[Opening DATASET RECORDS section]

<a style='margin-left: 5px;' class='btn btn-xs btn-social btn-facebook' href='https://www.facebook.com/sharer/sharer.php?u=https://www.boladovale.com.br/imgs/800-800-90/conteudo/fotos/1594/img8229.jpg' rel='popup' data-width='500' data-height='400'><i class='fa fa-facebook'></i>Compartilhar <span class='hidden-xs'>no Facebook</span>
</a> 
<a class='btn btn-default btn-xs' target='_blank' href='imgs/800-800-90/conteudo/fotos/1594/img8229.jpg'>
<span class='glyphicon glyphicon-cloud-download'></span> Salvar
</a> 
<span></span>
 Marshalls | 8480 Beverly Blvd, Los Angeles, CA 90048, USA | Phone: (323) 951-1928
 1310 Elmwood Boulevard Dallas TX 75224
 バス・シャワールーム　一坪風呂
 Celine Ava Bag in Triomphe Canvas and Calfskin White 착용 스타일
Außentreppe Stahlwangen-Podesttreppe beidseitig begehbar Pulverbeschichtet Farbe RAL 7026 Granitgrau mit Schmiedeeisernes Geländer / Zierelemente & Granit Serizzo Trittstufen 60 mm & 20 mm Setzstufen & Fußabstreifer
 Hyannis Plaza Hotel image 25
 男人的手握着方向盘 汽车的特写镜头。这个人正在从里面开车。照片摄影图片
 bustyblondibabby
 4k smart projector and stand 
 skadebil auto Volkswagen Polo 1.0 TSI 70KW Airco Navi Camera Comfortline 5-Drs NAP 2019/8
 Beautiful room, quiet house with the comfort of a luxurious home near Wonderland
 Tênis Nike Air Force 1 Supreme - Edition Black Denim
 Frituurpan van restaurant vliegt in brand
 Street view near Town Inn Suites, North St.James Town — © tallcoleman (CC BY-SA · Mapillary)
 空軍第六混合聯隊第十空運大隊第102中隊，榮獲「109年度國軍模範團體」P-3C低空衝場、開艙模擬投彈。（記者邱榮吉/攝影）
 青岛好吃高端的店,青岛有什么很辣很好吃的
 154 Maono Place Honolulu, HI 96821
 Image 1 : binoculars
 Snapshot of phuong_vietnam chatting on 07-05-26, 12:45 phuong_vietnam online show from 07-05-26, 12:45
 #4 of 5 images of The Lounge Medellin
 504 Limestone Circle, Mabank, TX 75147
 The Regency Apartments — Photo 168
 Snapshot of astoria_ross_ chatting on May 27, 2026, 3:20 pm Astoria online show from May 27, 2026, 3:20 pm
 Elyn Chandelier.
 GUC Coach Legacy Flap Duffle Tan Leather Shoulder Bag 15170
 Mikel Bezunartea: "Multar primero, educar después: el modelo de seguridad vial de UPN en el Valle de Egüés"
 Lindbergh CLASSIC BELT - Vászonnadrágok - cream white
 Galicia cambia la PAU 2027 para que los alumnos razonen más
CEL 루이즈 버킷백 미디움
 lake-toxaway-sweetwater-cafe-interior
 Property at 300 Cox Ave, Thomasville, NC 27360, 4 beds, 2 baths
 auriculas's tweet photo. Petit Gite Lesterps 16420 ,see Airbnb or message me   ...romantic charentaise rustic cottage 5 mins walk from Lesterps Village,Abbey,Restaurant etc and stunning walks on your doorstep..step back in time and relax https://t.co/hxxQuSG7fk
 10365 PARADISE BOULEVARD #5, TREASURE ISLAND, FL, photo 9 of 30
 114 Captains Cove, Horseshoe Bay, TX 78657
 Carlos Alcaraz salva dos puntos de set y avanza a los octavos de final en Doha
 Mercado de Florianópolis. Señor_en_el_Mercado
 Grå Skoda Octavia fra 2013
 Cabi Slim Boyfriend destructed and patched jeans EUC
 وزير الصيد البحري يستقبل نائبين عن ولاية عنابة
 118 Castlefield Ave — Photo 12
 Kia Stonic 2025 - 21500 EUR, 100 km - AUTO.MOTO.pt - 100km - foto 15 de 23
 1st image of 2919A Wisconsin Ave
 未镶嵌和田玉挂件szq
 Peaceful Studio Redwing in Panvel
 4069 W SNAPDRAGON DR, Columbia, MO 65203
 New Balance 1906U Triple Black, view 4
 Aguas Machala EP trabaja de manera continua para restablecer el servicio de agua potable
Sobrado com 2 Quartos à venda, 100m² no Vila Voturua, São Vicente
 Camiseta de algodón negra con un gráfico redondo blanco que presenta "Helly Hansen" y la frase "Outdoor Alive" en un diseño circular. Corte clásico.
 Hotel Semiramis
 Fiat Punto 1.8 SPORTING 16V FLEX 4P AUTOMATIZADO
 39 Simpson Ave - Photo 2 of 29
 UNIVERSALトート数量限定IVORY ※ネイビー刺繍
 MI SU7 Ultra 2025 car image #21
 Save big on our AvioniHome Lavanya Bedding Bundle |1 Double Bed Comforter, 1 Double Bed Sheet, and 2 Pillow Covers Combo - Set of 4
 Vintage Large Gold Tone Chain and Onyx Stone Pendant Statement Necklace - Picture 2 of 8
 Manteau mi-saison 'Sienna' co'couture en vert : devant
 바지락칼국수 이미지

[Closing DATASET RECORDS section]

WHAT YOU HAVE TO DO >> Using the listing above, transcribe every entry exactly.

WRITTEN ANSWER >>
<a style='margin-left: 5px;' class='btn btn-xs btn-social btn-facebook' href='https://www.facebook.com/sharer/sharer.php?u=https://www.boladovale.com.br/imgs/800-800-90/conteudo/fotos/1594/img8229.jpg' rel='popup' data-width='500' data-height='400'><i class='fa fa-facebook'></i>Compartilhar <span class='hidden-xs'>no Facebook</span>
</a> 
<a class='btn btn-default btn-xs' target='_blank' href='imgs/800-800-90/conteudo/fotos/1594/img8229.jpg'>
<span class='glyphicon glyphicon-cloud-download'></span> Salvar
</a> 
<span></span>
 Marshalls | 8480 Beverly Blvd, Los Angeles, CA 90048, USA | Phone: (323) 951-1928
 1310 Elmwood Boulevard Dallas TX 75224
 バス・シャワールーム　一坪風呂
 Celine Ava Bag in Triomphe Canvas and Calfskin White 착용 스타일
Außentreppe Stahlwangen-Podesttreppe beidseitig begehbar Pulverbeschichtet Farbe RAL 7026 Granitgrau mit Schmiedeeisernes Geländer / Zierelemente & Granit Serizzo Trittstufen 60 mm & 20 mm Setzstufen & Fußabstreifer
 Hyannis Plaza Hotel image 25
 男人的手握着方向盘 汽车的特写镜头。这个人正在从里面开车。照片摄影图片
 bustyblondibabby
 4k smart projector and stand 
 skadebil auto Volkswagen Polo 1.0 TSI 70KW Airco Navi Camera Comfortline 5-Drs NAP 2019/8
 Beautiful room, quiet house with the comfort of a luxurious home near Wonderland
 Tênis Nike Air Force 1 Supreme - Edition Black Denim
 Frituurpan van restaurant vliegt in brand
 Street view near Town Inn Suites, North St.James Town — © tallcoleman (CC BY-SA · Mapillary)
 空軍第六混合聯隊第十空運大隊第102中隊，榮獲「109年度國軍模範團體」P-3C低空衝場、開艙模擬投彈。（記者邱榮吉/攝影）
 青岛好吃高端的店,青岛有什么很辣很好吃的
 154 Maono Place Honolulu, HI 96821
 Image 1 : binoculars
 Snapshot of phuong_vietnam chatting on 07-05-26, 12:45 phuong_vietnam online show from 07-05-26, 12:45
 #4 of 5 images of The Lounge Medellin
 504 Limestone Circle, Mabank, TX 75147
 The Regency Apartments — Photo 168
 Snapshot of astoria_ross_ chatting on May 27, 2026, 3:20 pm Astoria online show from May 27, 2026, 3:20 pm
 Elyn Chandelier.
 GUC Coach Legacy Flap Duffle Tan Leather Shoulder Bag 15170
 Mikel Bezunartea: "Multar primero, educar después: el modelo de seguridad vial de UPN en el Valle de Egüés"
 Lindbergh CLASSIC BELT - Vászonnadrágok - cream white
 Galicia cambia la PAU 2027 para que los alumnos razonen más
CEL 루이즈 버킷백 미디움
 lake-toxaway-sweetwater-cafe-interior
 Property at 300 Cox Ave, Thomasville, NC 27360, 4 beds, 2 baths
 auriculas's tweet photo. Petit Gite Lesterps 16420 ,see Airbnb or message me   ...romantic charentaise rustic cottage 5 mins walk from Lesterps Village,Abbey,Restaurant etc and stunning walks on your doorstep..step back in time and relax https://t.co/hxxQuSG7fk
 10365 PARADISE BOULEVARD #5, TREASURE ISLAND, FL, photo 9 of 30
 114 Captains Cove, Horseshoe Bay, TX 78657
 Carlos Alcaraz salva dos puntos de set y avanza a los octavos de final en Doha
 Mercado de Florianópolis. Señor_en_el_Mercado
 Grå Skoda Octavia fra 2013
 Cabi Slim Boyfriend destructed and patched jeans EUC
 وزير الصيد البحري يستقبل نائبين عن ولاية عنابة
 118 Castlefield Ave — Photo 12
 Kia Stonic 2025 - 21500 EUR, 100 km - AUTO.MOTO.pt - 100km - foto 15 de 23
 1st image of 2919A Wisconsin Ave
 未镶嵌和田玉挂件szq
 Peaceful Studio Redwing in Panvel
 4069 W SNAPDRAGON DR, Columbia, MO 65203
 New Balance 1906U Triple Black, view 4
 Aguas Machala EP trabaja de manera continua para restablecer el servicio de agua potable
Sobrado com 2 Quartos à venda, 100m² no Vila Voturua, São Vicente
 Camiseta de algodón negra con un gráfico redondo blanco que presenta "Helly Hansen" y la frase "Outdoor Alive" en un diseño circular. Corte clásico.
 Hotel Semiramis
 Fiat Punto 1.8 SPORTING 16V FLEX 4P AUTOMATIZADO
 39 Simpson Ave - Photo 2 of 29
 UNIVERSALトート数量限定IVORY ※ネイビー刺繍
 MI SU7 Ultra 2025 car image #21
 Save big on our AvioniHome Lavanya Bedding Bundle |1 Double Bed Comforter, 1 Double Bed Sheet, and 2 Pillow Covers Combo - Set of 4
 Vintage Large Gold Tone Chain and Onyx Stone Pendant Statement Necklace - Picture 2 of 8
 Manteau mi-saison 'Sienna' co'couture en vert : devant
 바지락칼국수 이미지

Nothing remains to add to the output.